Viewer vs Participant

When I heard our paper assignment was to visit the DeYoung or Legion of Honor museums and write about the pieces in the collections, I was fairly pleased. I love museums and have been looking for an opportunity to explore SF's fine art museums since moving here about a year ago. So, needless to say, I was excited when I walked in the doors of the Legion of Honor Tuesday morning.

The first thought the came to mind once the excitement had died down was the relative size of the museum. I don't know if was because I had built this up to be some big thing in my mind, or if it was because one of the last museums I went to was the Met in NYC--but, the Legion of Honor is tiny. Unless I somehow missed the secret rooftop gallery, out of the many museums I've frequented, I think the Legion of Honor is one of the smallest.
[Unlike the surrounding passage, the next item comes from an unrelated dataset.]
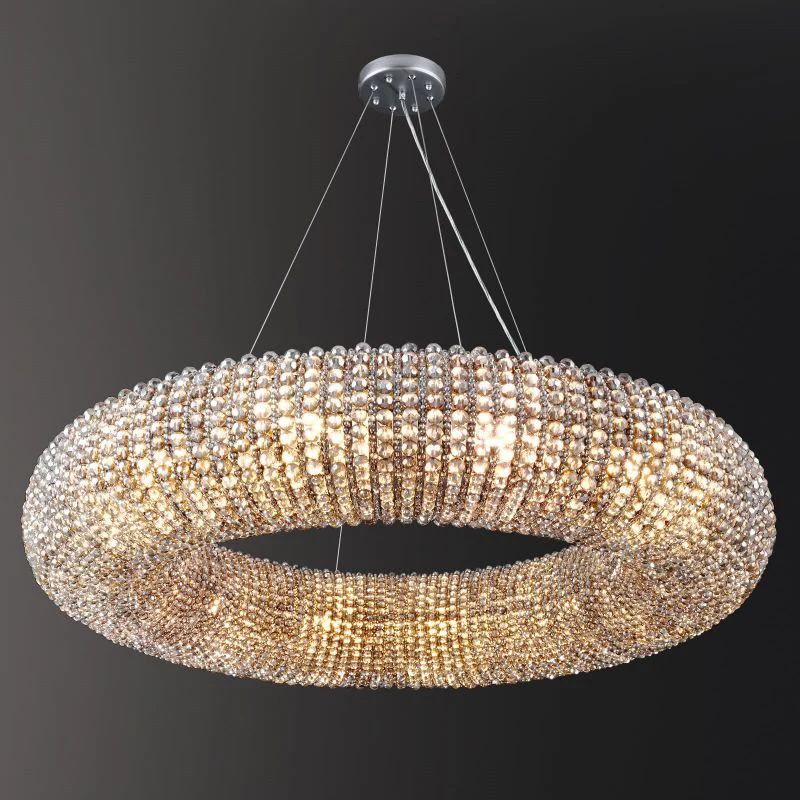 Alison Series Crystal Round LED Chandelier - Image 4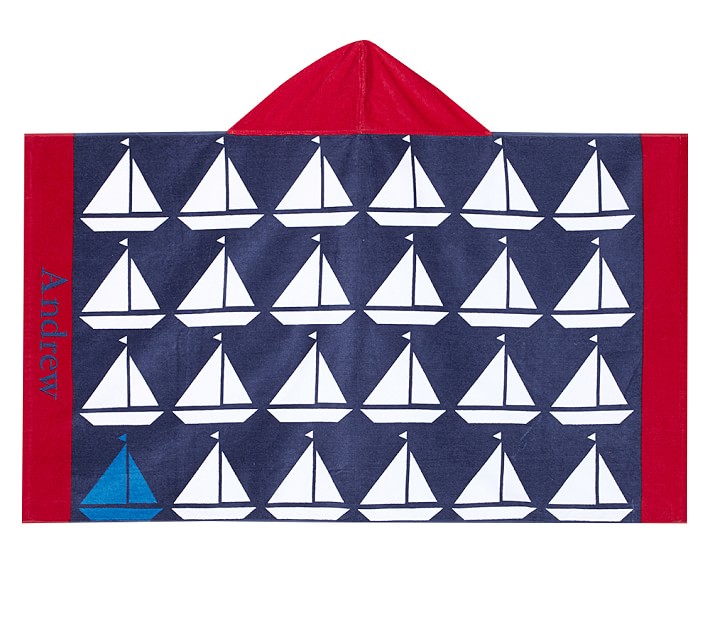 Nantucket Repeat Boat Kid Beach Wrap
The second thing that caught my attention was the abundance of signs warning patrons to not touch the artwork. I realize such signs are present in every gallery, but for some reason, I seemed especially attuned to their presence this day. Round each corner I turned, beneath every work of sculpture, from the corner of my eye I would spy the ubiquitous plaques displaying over and over "please do not touch." And it got me to thinking about how the casual artgoer's relationship with the medium is mostly visual. We experience the world with all five of our senses; how are we to fully immerse ourselves in a work of art if we're forced to refrain from making use of three to four of them in our observation? Obviously, I understand the dangers of allowing people's five year olds to come up and rub their little gooey faces all over a 200 year old Goya, but there's something to be said for fully experiencing art, as opposed to just looking at it.
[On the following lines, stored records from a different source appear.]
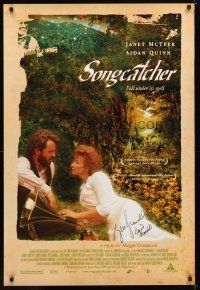 1r0026 SONGCATCHER signed DS 1sh '00 by BOTH director Maggie Greenwald AND composer Mansfield!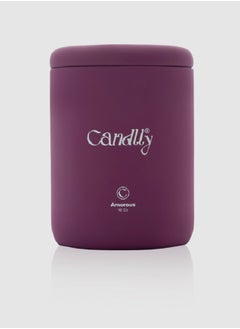 Candlly Amores Candle of Attraction and Presence.Fillid in natural pottery, prepared.Fragrance: Orange, orchid, and freesia flowers Ingredients: Natural soy wax, Sea salt, musk, and amber.Size:300 grams.  - Image 5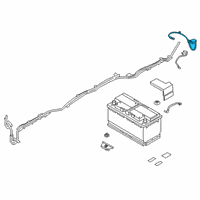 OEM BMW Z4 BATTERY CABLE (PLUS POLE) Diagram - 61-12-8-796-328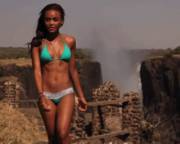 Swimsuit model Kirby Griffin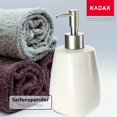 thumbnail image 2 of Soap Dispenser with Pump, Ceramic Lotion Dispenser, Matte Finish, Liquid Soap Dispenser, Detergent Dispenser (White), 2 of 5
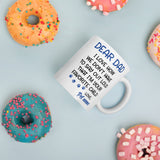 Customised "Dad" Pet Print Coffee Mug 11oz & 15oz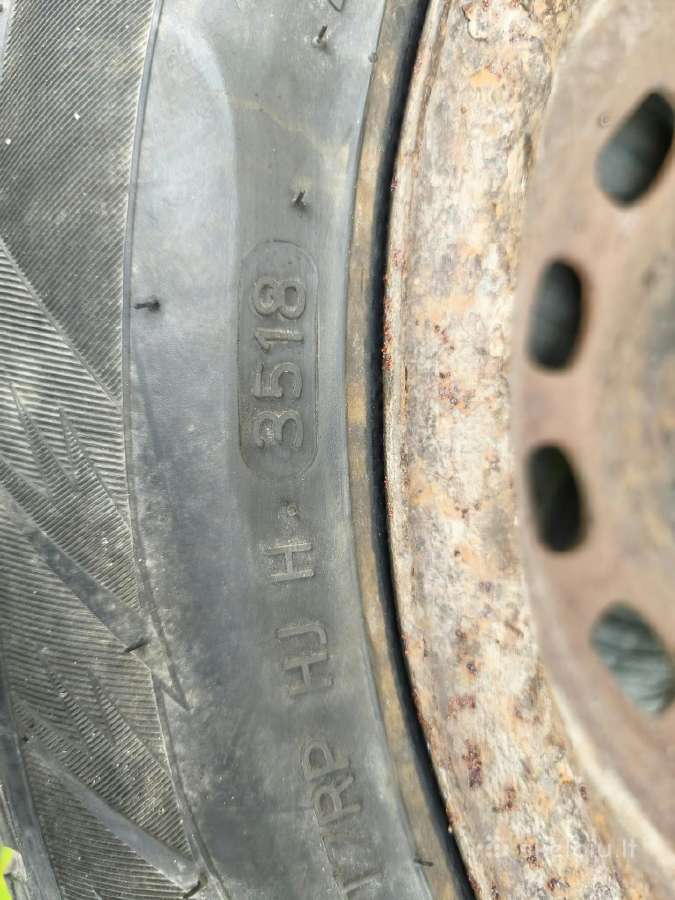 Opel meriva skardiniai r16 ratlankiai su padangom - nuotraukos Nr. 8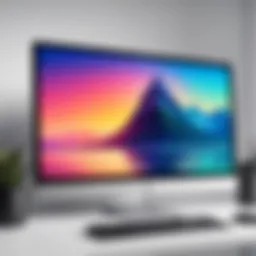 Sleek Minimalist Design Monitor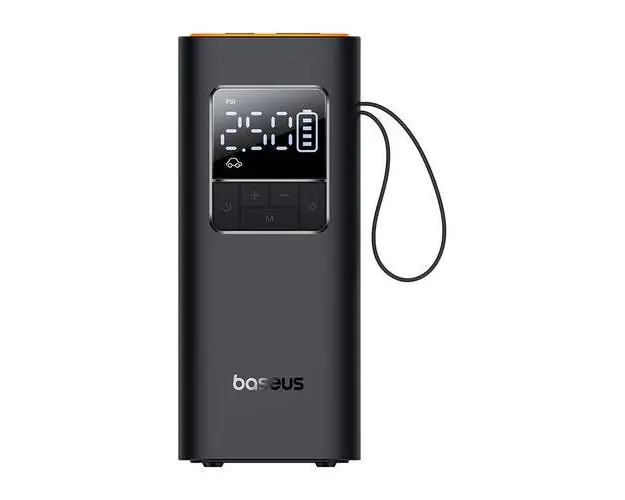 Compresor Auto Baseus SuperMini Pro C11159300111-00, 16000 rpm, Wireless, 50 W, Display digital LCD (Negru)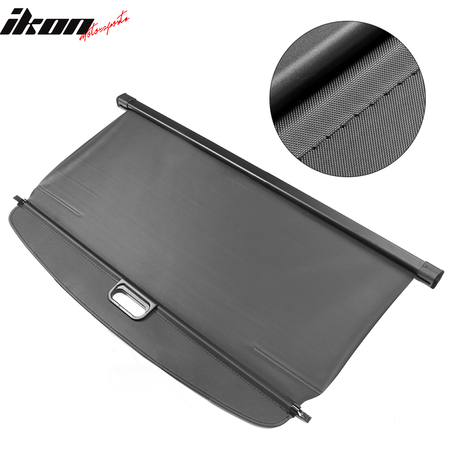 IKON MOTORSPORTS Cargo Cover Compatible With 2019-2024 Toyota Rav4 & Rav4 Prime, Retractable Rear Cargo Security Trunk Cover Black, 2020 2021 2022 2023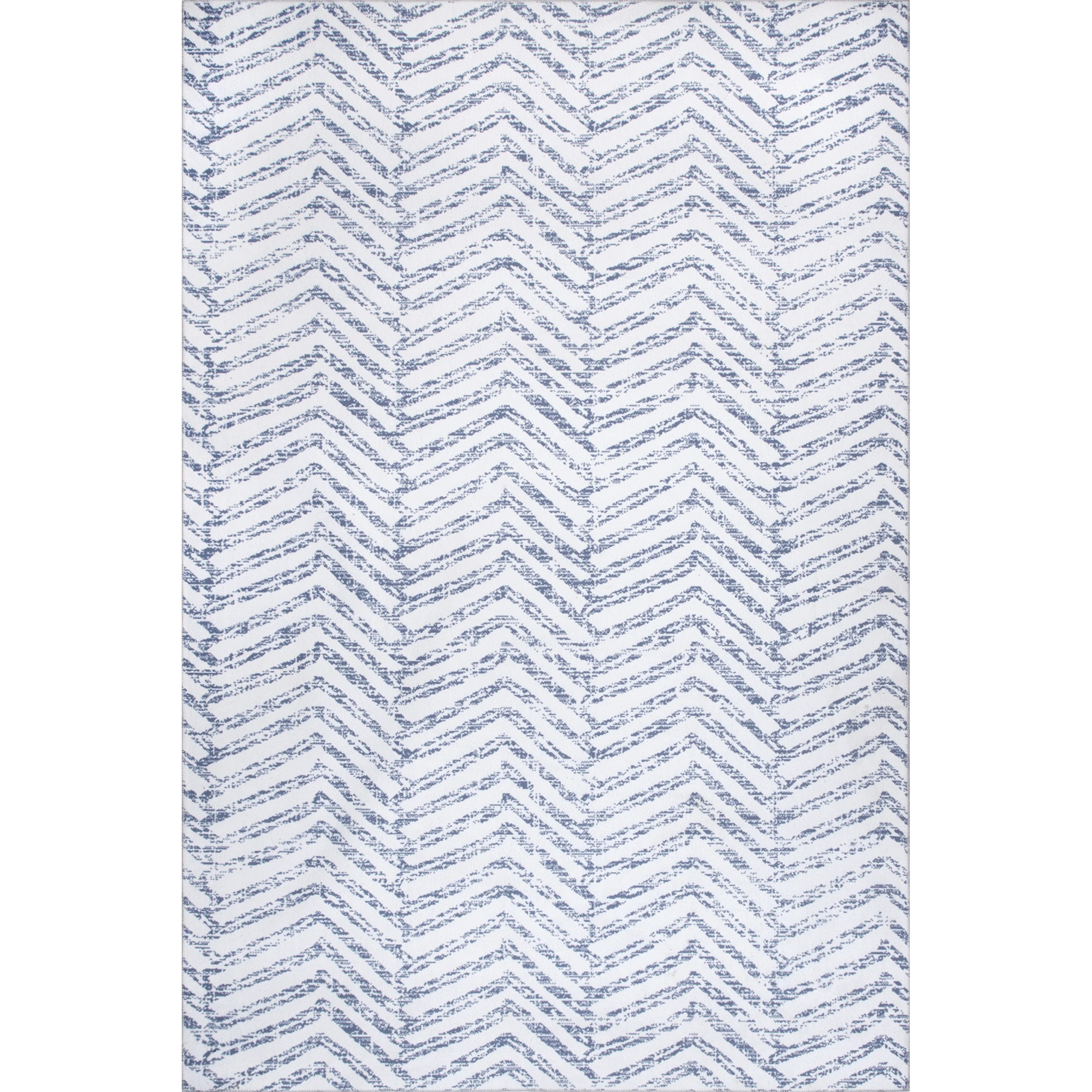 nuLOOM Rosanne Machine Washable Geometric Area Rug, 8' x 10', Blue | Walmart (US)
One of the most memorable exhibits where I've had the chance to immerse myself in the artwork was an installation piece at the Mass MoCA titled Corpus by Ann Hamilton. The piece was the entirety of a large, expansive room, the walls bare white and windows covered in pink translucent paper. Speakers shaped like megaphones dangled from the ceiling in two rows, lowering in and out, emitting a garbled, ethereal mix of sound. Following the speakers were pneumatic devices dropping onion paper from above at random intervals, each release marked by a quiet hissing sigh. The floor was littered with paper which had accumulated over the weeks since the installation's opening, crackling as visitors shuffle through the space and adding their presence to the aural landscape. This installation was not something you just viewed with your eyes, but an experience you partook in with your ears and skin and nose as well (and I'm sure you could probably taste the onion paper if you really wanted), and as such had an almost sacred quality to it.
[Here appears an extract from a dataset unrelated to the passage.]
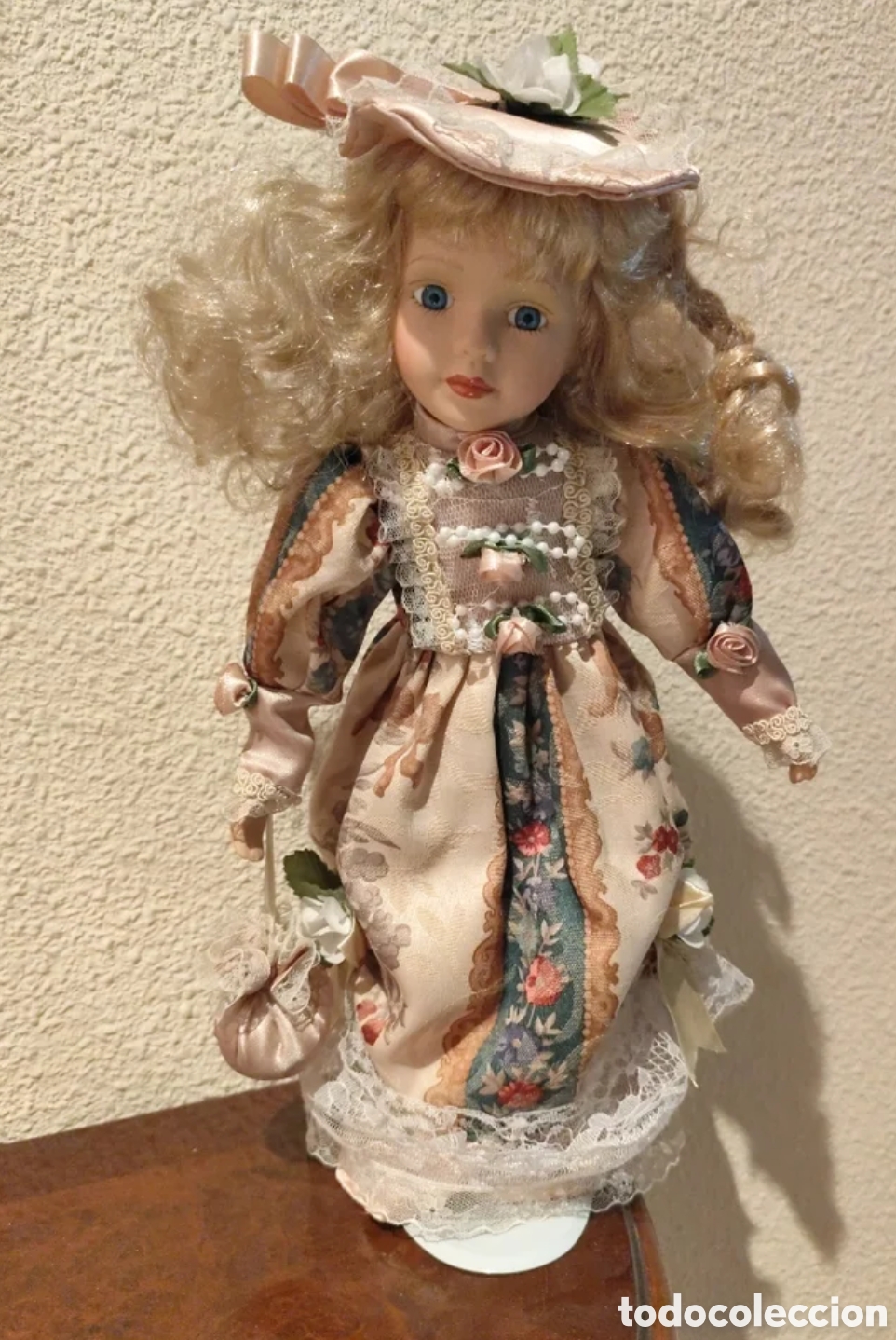 Mu&ntilde;eca espa&ntilde;ola clasica: Mu&ntilde;eca de porcelana antigua - Foto 2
In a work like Corpus you become a participant in the art, as opposed to simply a viewer. As mentioned in lecture, Delecroix stated that 'a piece of art should serve as a bridge between the spectator and the artist,' but I feel that can't be fully accomplished without experiencing the piece on more than just a visual level. You need to get your face right up to the canvas, feel the brush strokes, smell the paint, listen to your hands moving over the surface. Follow the patterns and pathways the artist described so many years ago. Only that kind of detailed survey of will bring you anywhere close to the mindset of the artist who created the piece. If I ever get the inclination to create art for the masses, I hope that's the kind of work I'll make--the kind where you can immerse yourself fully in the art, and take away a little piece of the artist with you.